→ Description of the task: What you should give back is a precise copy of the lines below from the one containing "Cigar Label Art, Leon, koning" through the one containing "CADERNO CAPA DURA", with no pictures.

→ Working data:
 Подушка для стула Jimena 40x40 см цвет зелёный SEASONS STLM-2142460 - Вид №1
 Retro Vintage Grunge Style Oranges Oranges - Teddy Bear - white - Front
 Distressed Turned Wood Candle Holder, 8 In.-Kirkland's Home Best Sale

...

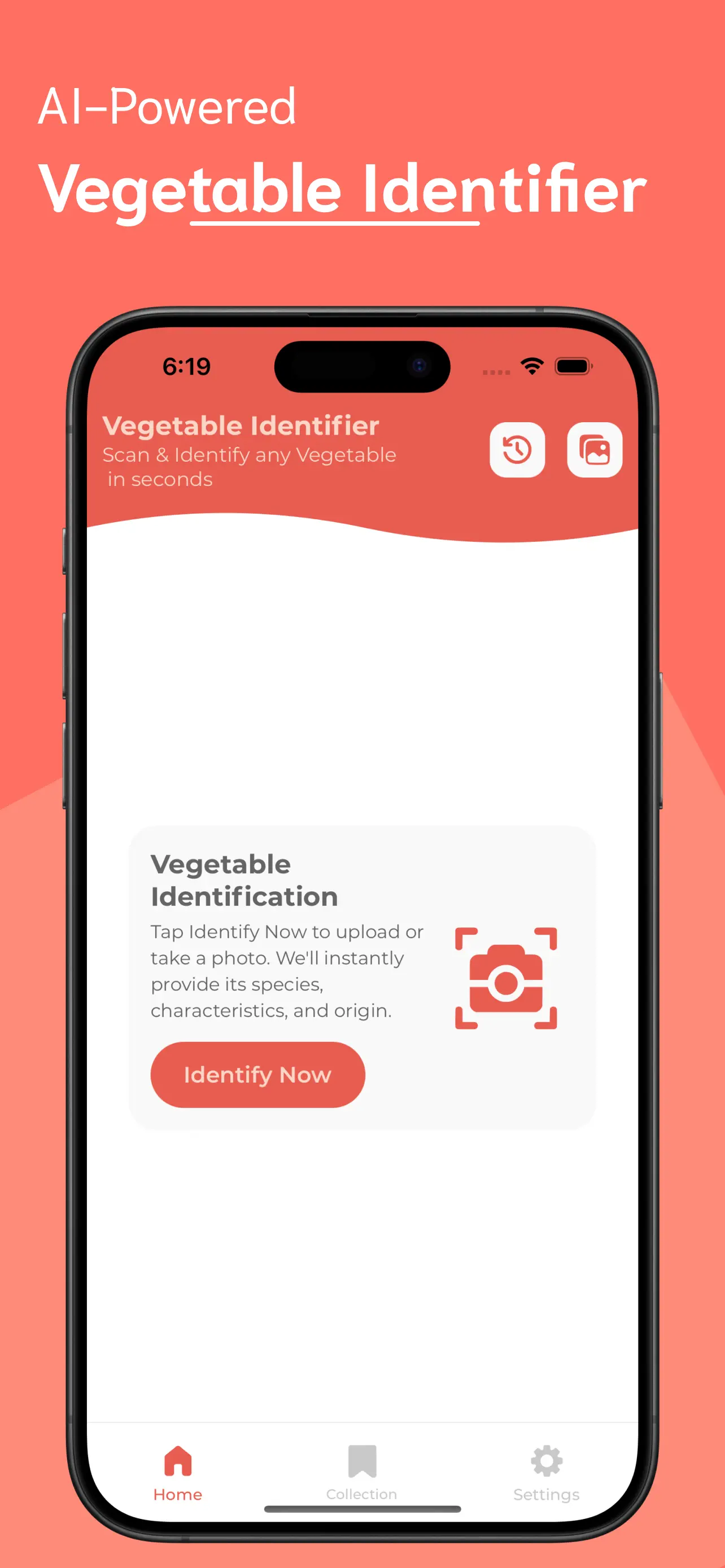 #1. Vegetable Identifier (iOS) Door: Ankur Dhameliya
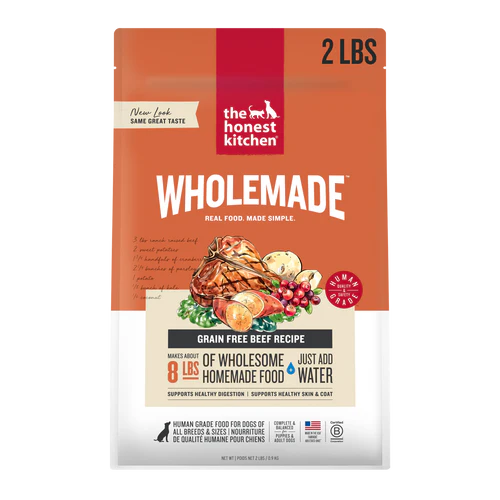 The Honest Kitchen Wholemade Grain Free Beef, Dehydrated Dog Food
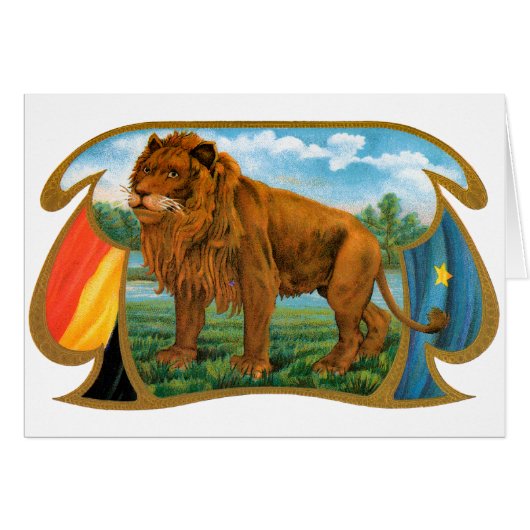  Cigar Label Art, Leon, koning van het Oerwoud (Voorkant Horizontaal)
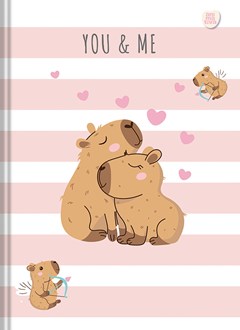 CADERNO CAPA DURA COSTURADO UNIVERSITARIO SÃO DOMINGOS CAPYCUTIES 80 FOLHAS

...

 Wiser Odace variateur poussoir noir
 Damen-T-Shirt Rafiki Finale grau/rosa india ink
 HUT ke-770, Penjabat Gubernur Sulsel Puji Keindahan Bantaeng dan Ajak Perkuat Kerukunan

→ Result for this exercise:
  Cigar Label Art, Leon, koning van het Oerwoud (Voorkant Horizontaal)
 CADERNO CAPA DURA COSTURADO UNIVERSITARIO SÃO DOMINGOS CAPYCUTIES 80 FOLHAS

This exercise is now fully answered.